EVGA's "Ultimate OC Project" Features New Business Model for Overclocking Products

If you've been following the news and leaks on the upcoming freshly released EVGA GeForce GTX 980 Ti K|ngp|n, you will have noticed the community excitement around the graphics card. In a press release posted by Hexus you can find all new marketing and product features that come with the card.

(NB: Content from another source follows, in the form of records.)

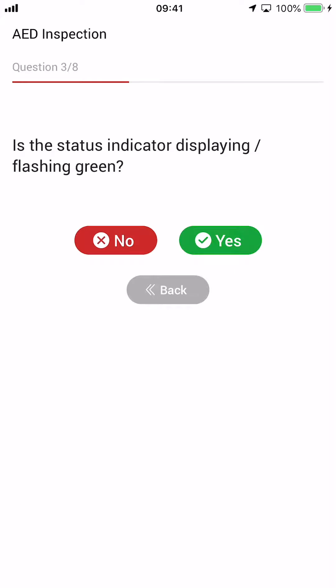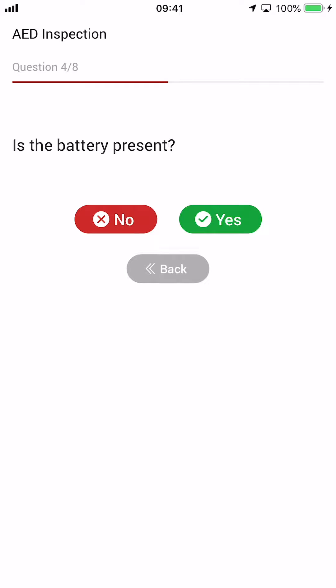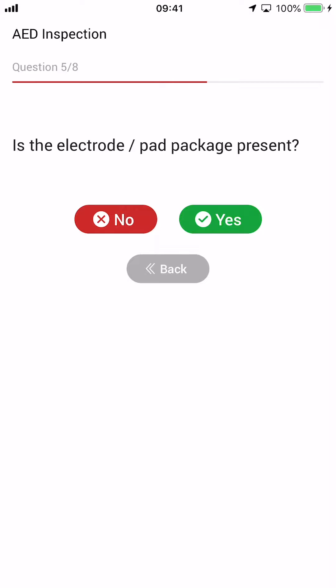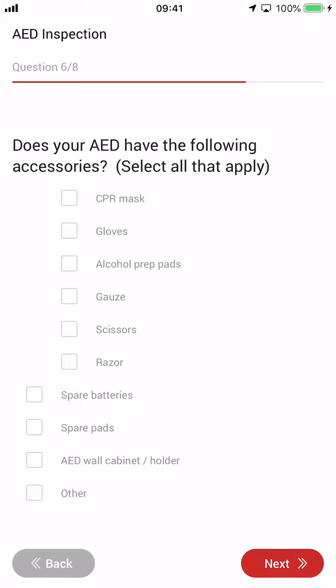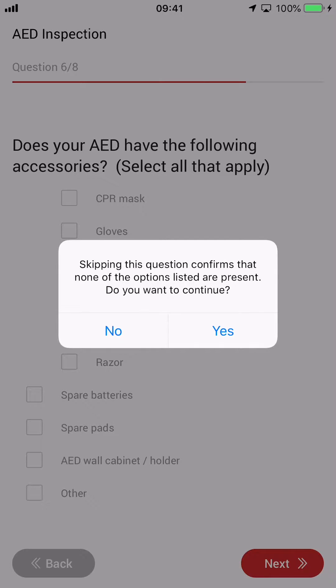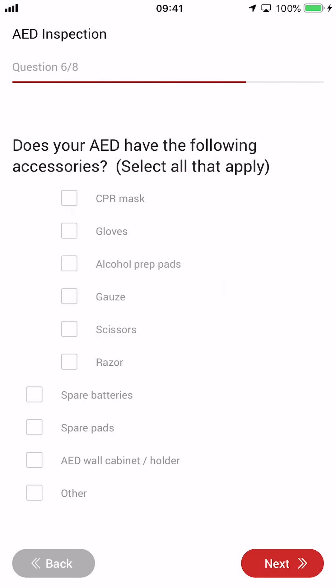Tap Next to start the questions. Simply answer yes or no to each AED readiness question after ensuring the step is completed. Here you may select all that apply. If none apply, simply select Next and a confirmation prompt allowing you to skip the next question will appear.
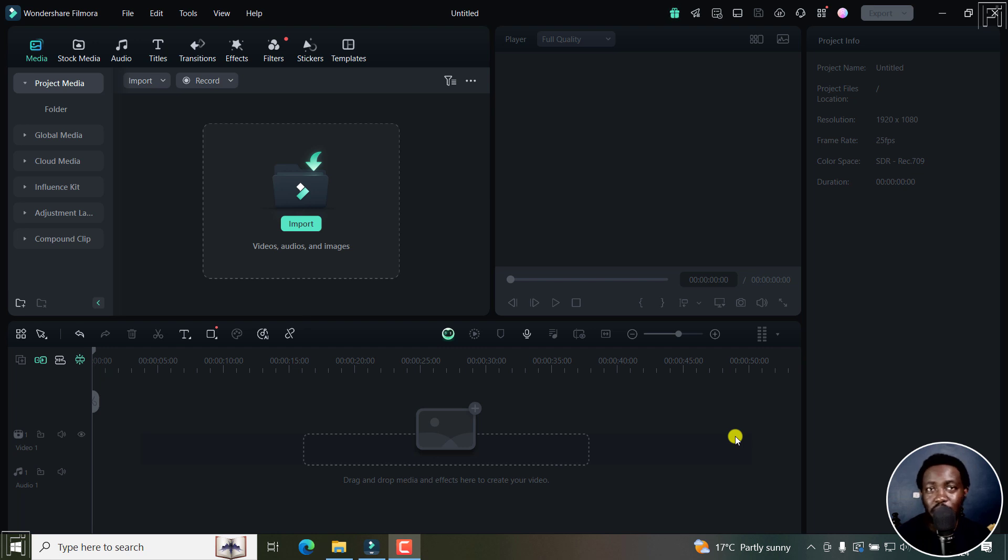In this tutorial, I'll show you how to use the AI translation and lip sync feature in Filmora 14. Welcome to this video. My name is David and I hope you're well wherever you are around the world.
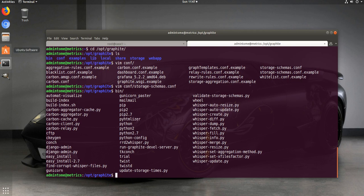Once we've done all that, enough time has passed that our metrics should have started pumping into Carbon. We can check that out — I have my Graphite website open here.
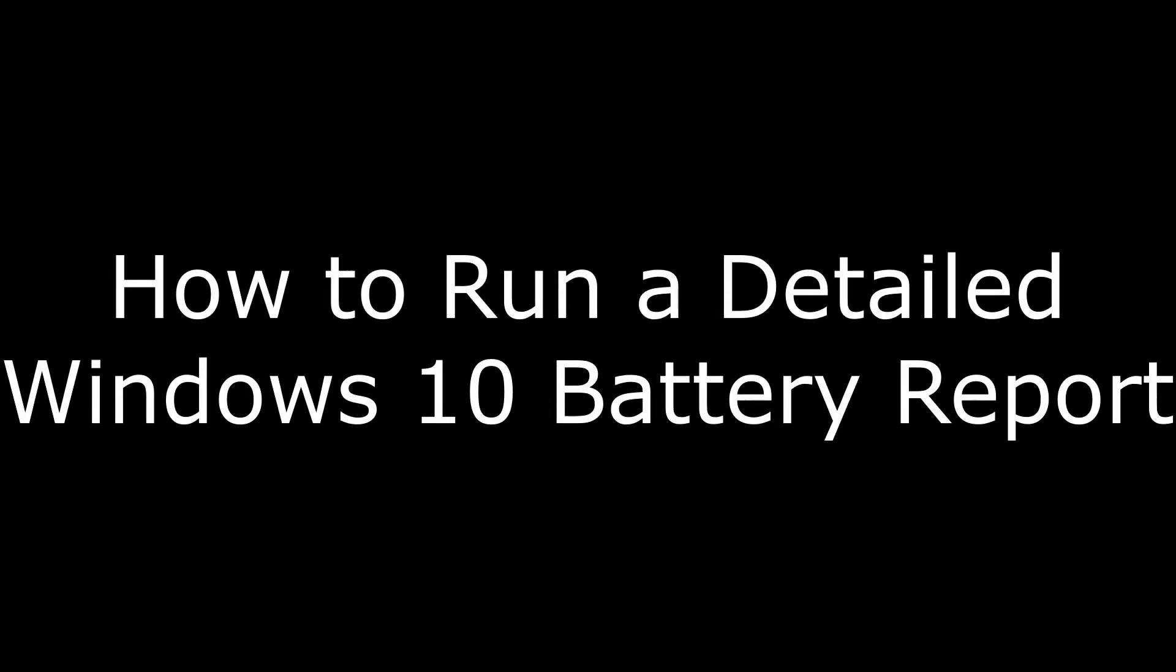Hey everyone. I'm Max Dalton, and in this video I'm going to show you how to run a detailed Windows 10 battery report.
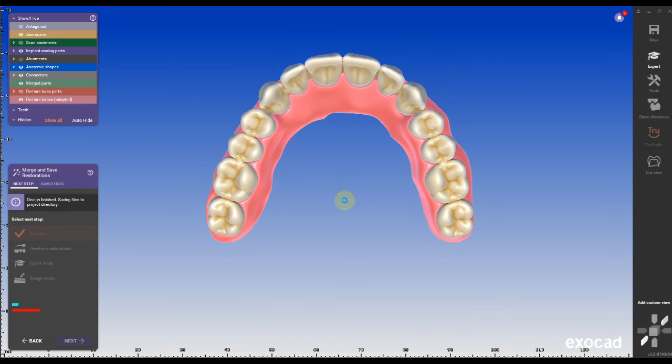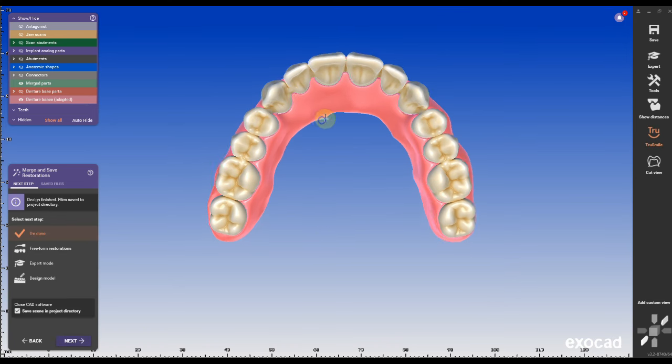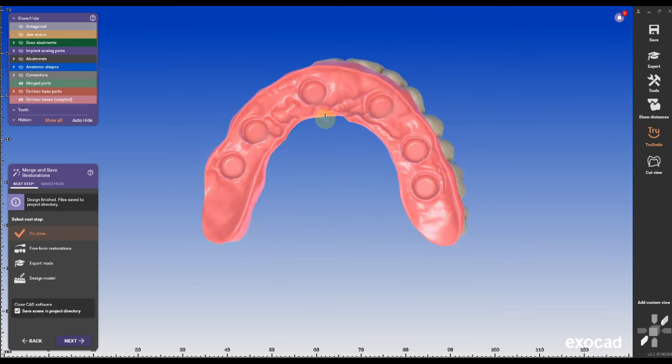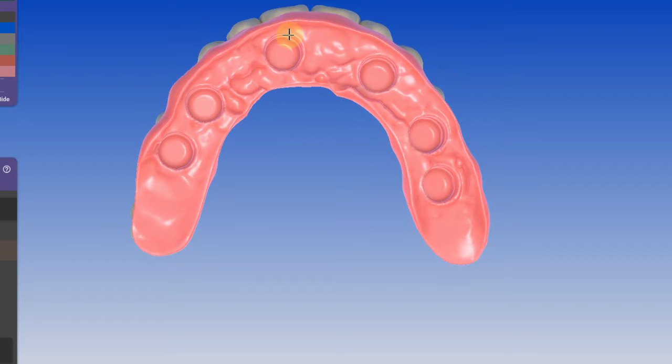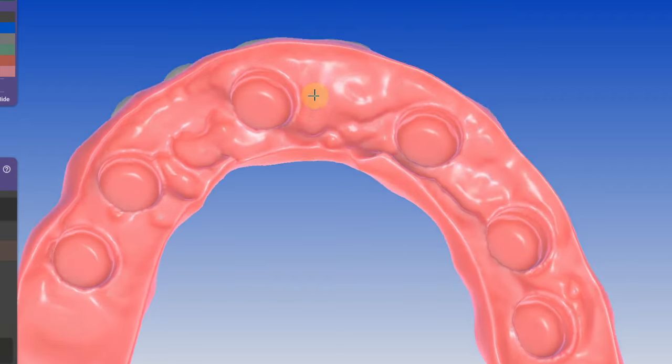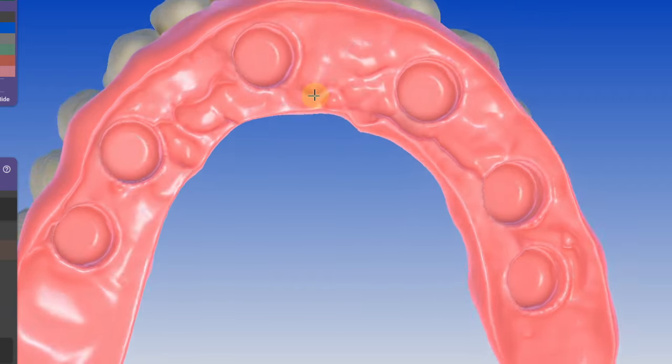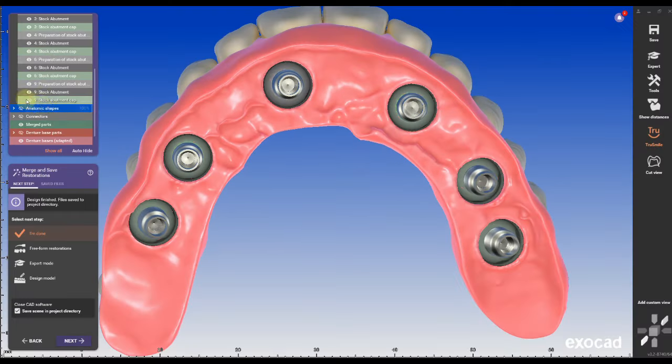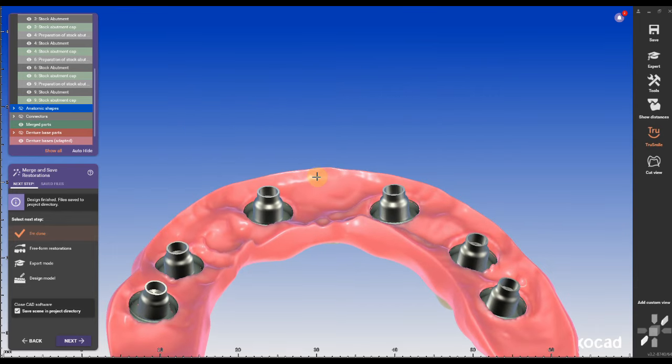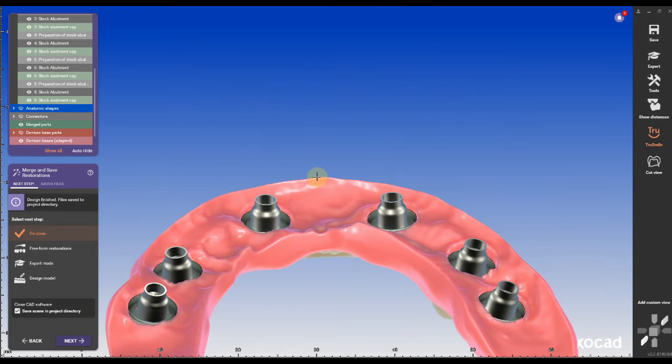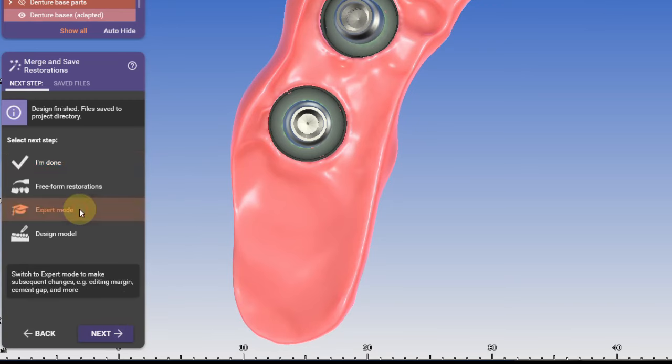This means the basal surface must be convex and not concave. Unlike locator dentures where the patient can remove and clean the dentures themselves, locator fixed restoration can only be removed by the dentist using a special tool.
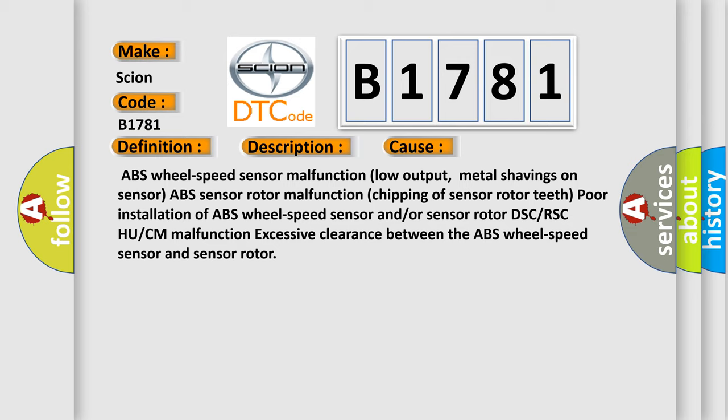Poor installation of ABS wheel speed sensor and/or sensor rotor, DSC or RSC HU or CM malfunction, excessive clearance between the ABS wheel speed sensor and sensor rotor.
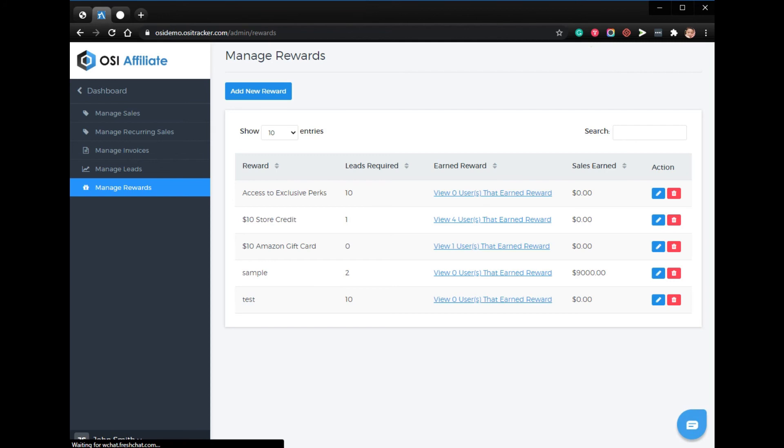Once you have added the rewards detail, the system will automatically keep track of the referred leads from the affiliates. Once they hit the number of leads required for the rewards, the affiliates will earn the reward and will see the details of the rewards they earned on their username area and their my commission section. Thanks for watching, goodbye.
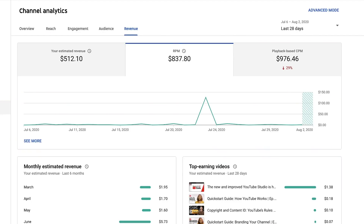RPM is different from CPM, which focused on advertiser cost for ad-enabled views and didn't really tell you how much was earned across all of your views. You can view the new RPM metric by going to the Revenue tab in YouTube Analytics. Over time, we hope RPM can help you judge the effectiveness of your content, channel growth, and monetization strategy.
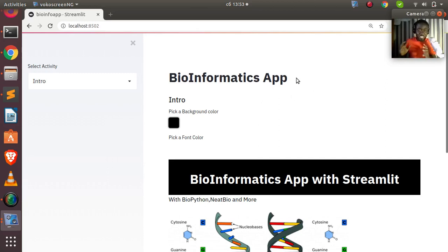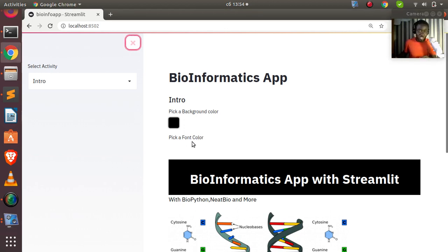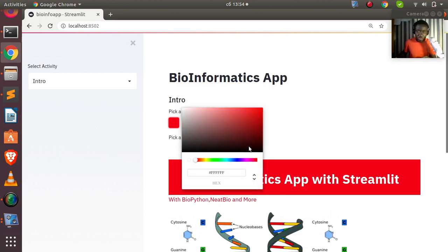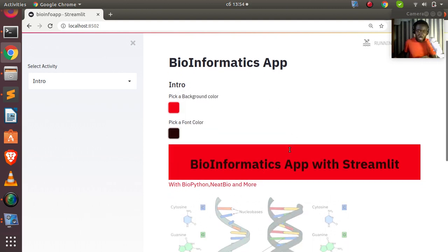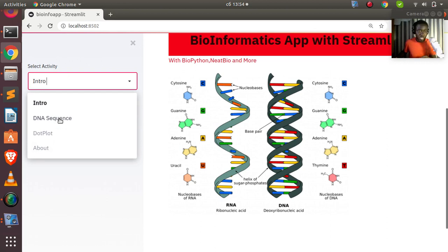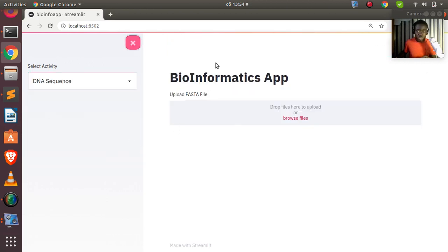Welcome back, my name is Jesse. In this session we'll be using Streamlit to build a bioinformatics app, combining everything you've learned so far. This is something simple but very interesting that you can do with Streamlit. From the side menu you can go to the DNA sequence and see the various things you can do with it.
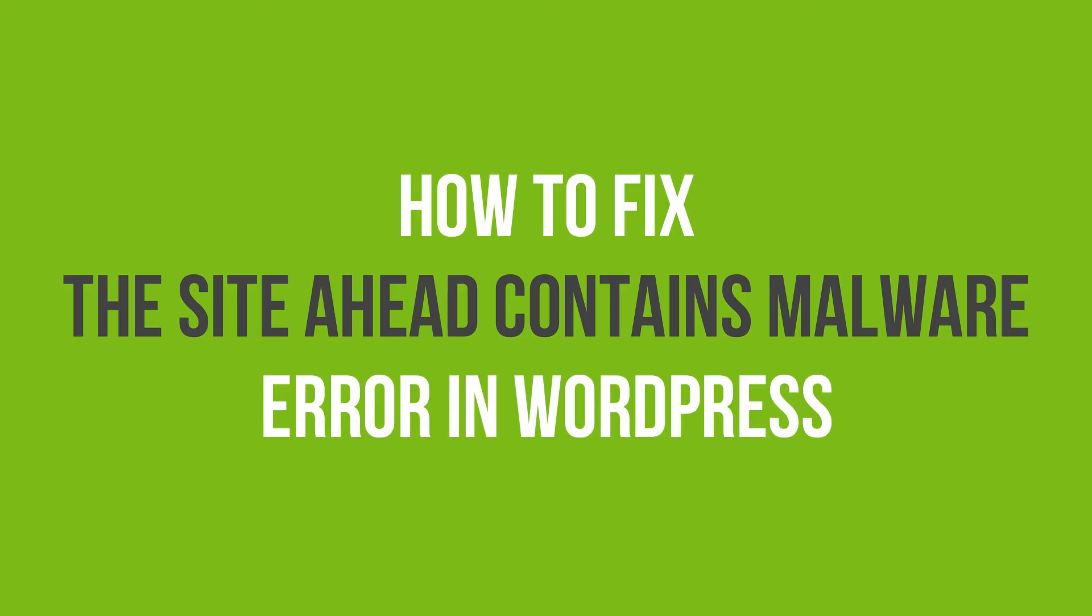In this video tutorial, you will learn how to fix the site ahead contains malware error in WordPress.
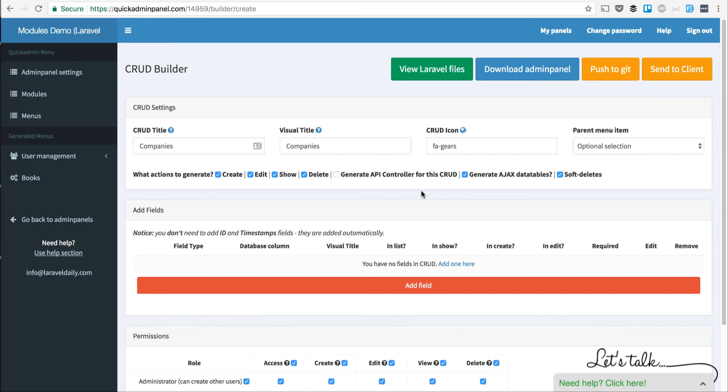Under this video on YouTube I have a few additional resources about data tables, Ajax server side, and how it works in Quick Admin Panel. Thank you for watching.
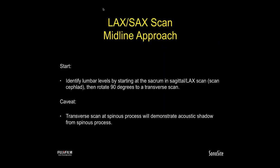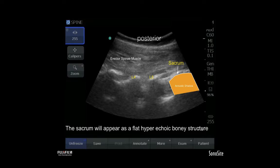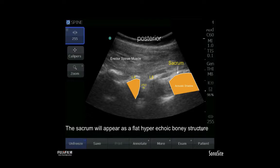When starting with either a long axis or short axis scan at the midline approach, if you want to identify lumbar levels, start at the sacrum in a sagittal or long axis scan and scan cephalad. If you want to go to the transverse scan, rotate 90 degrees. One caveat of the transverse scan is that at the spinous process, it will demonstrate an acoustic shadow from the bony process. In this slide, the sacrum is our starting point to count levels, next being L5, then L4. Any bone will produce an acoustic shadow due to attenuation of the beam. The L4-L5 interspinous space produces no shadow. Starting at the sacrum — which appears as a flat, hyperechoic bony structure — is a good place to start when counting up spaces and identifying the midline.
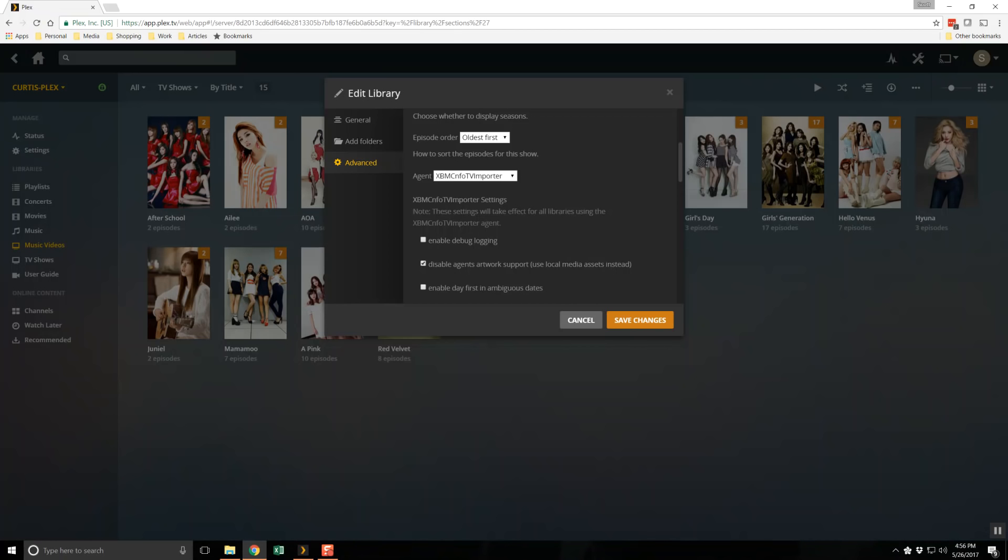Without it, the only way to get the metadata into Plex is to enter it manually. With the plugin, all of this metadata is imported automatically, which is super useful if you ever need to rebuild the library.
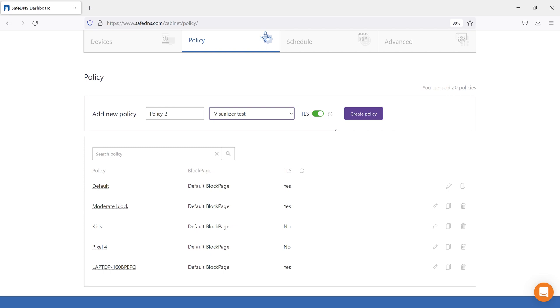You can disable the TLS function if needed. This function, along with the SafeDNS root certificate, allows you to correctly display the block page for HTTPS websites.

One particular feature that caught my attention is the "Ultimate OC Project". It's not a product feature, but a whole new way of looking at selling overclocking products. To quite EVGA's official website:

"With this new card EVGA is also introducing a brand new way to purchase, by allowing you to select the best card to suit your needs. For the first time ever, EVGA is introducing a way to select your approximate GPU ASIC (approximate OC performance) Quality before purchasing. Every single piece of silicon, whether it be a CPU or GPU, varies when it comes to maximum overclocking. On GPU's, ASIC quality is one way to determine potential overclock performance. Please note this ASIC Quality* DOES NOT guarantee any specific overclock performance, it is merely a guide. The higher the ASIC Quality, the higher the potential overclock performance and the rarer the GPU. Of course, this can and will vary."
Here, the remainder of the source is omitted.